Elif Babül, an associate professor of Anthropology, noted that the pandemic had temporarily driven down enrollment.

“The numbers they were basing their decisions on were artificially reduced numbers,” she said. Further, she said, many Mount Holyoke parents had no idea that scholarships were even available, and human resources didn’t promote them. One of those with a scholarship, a postdoctoral fellow, told the Globe she only learned about it from her faculty supervisor when she balked at Gorse’s regular tuition rates.

Toddler care at Gorse Children’s Center typically costs about $1,544 a month, or $18,528 a year. That’s on par with other Pioneer Valley child-care centers. But Gorse Children’s Center is fully accredited and provides infant care, which other area providers increasingly do not.

Lillian Krause-Ely, the owner of nearby Brighter Beginnings Child Care, said that after pandemic lockdown, she reopened without an infant room, rather than juggle new COVID restrictions. In addition, other child-care centers’ toddler and preschool rooms are full, and some have waitlists of up to two years.

“There is such a dire need in this area that sometimes I get up to four phone calls in one day,” said Krause-Ely.

In addition to full child care, Gorse also provides before-school and after-school care. Drop-in care is available so parents can attend faculty meetings, even if their children are not regularly enrolled, and faculty mothers like Maier are able to pop in during the day to nurse, a convenience that can enable them breastfeed longer.

“Onsite child care is one of the most important things you can do to ensure the participation of women in the workforce in order for them to thrive in workforce,” said Babül. “It’s like that across the board for all kinds of sectors but particularly in academia.”

As a result, she said of the college’s initial plan to close the children’s center, “This is a very anti-women decision.”

Universities have gotten into trouble before trying to cut costs.
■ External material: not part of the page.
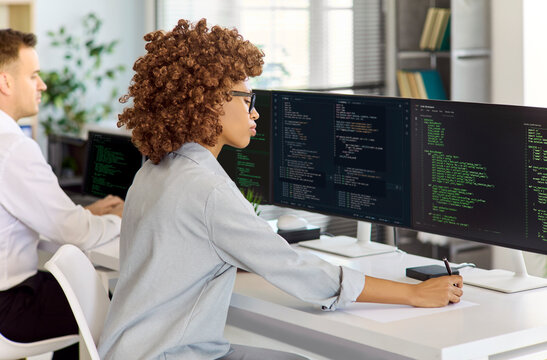 Developers programmer woman coding software in office. She writes clean code on dual monitors and computers beside a coworker. Workspace emphasizes agile teamwork. Modern tech team concept now.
When the University of Massachusetts Boston sought to close a massive budget gap in 2017, the child-care center was the first to go, infuriating parents.

Parents and community members said they do not intend to let up on the fight to keep Gorse, which Mount Holyoke has considered closing at least twice since the 1990s.

“Everyone came together and made the point that child care is a common good. It is something that benefits everyone,” said Babül.